## [What the task asks]
Print nothing except the lines of the listing below from the line with "carpeted empty room" to the line with "Portrait of a", each exactly as written, both ends included.

───

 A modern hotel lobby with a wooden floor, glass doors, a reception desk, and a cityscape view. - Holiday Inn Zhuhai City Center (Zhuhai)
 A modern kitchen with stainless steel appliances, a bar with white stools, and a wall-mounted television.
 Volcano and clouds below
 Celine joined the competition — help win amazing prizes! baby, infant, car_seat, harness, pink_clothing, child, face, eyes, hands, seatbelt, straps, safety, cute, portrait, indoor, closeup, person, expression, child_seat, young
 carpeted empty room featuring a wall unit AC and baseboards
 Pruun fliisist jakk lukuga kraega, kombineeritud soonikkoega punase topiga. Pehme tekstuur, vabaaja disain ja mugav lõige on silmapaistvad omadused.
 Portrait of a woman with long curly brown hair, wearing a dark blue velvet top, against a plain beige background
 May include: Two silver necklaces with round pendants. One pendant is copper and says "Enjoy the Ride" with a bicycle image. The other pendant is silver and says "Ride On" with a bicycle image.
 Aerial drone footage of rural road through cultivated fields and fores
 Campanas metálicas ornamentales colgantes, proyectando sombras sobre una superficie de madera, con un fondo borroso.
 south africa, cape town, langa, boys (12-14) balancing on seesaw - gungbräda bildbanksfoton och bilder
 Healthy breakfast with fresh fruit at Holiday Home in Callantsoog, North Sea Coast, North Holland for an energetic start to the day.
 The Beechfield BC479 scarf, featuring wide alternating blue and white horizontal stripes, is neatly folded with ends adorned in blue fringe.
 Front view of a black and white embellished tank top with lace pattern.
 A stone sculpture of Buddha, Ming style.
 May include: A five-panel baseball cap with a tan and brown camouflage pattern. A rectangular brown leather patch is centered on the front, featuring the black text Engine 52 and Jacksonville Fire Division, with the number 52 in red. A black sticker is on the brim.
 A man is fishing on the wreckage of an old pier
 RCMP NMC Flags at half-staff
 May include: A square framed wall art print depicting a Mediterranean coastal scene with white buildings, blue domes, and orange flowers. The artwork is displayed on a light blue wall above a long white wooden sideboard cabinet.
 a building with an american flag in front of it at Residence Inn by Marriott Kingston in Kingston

───

## [Solution]
 carpeted empty room featuring a wall unit AC and baseboards
 Pruun fliisist jakk lukuga kraega, kombineeritud soonikkoega punase topiga. Pehme tekstuur, vabaaja disain ja mugav lõige on silmapaistvad omadused.
 Portrait of a woman with long curly brown hair, wearing a dark blue velvet top, against a plain beige background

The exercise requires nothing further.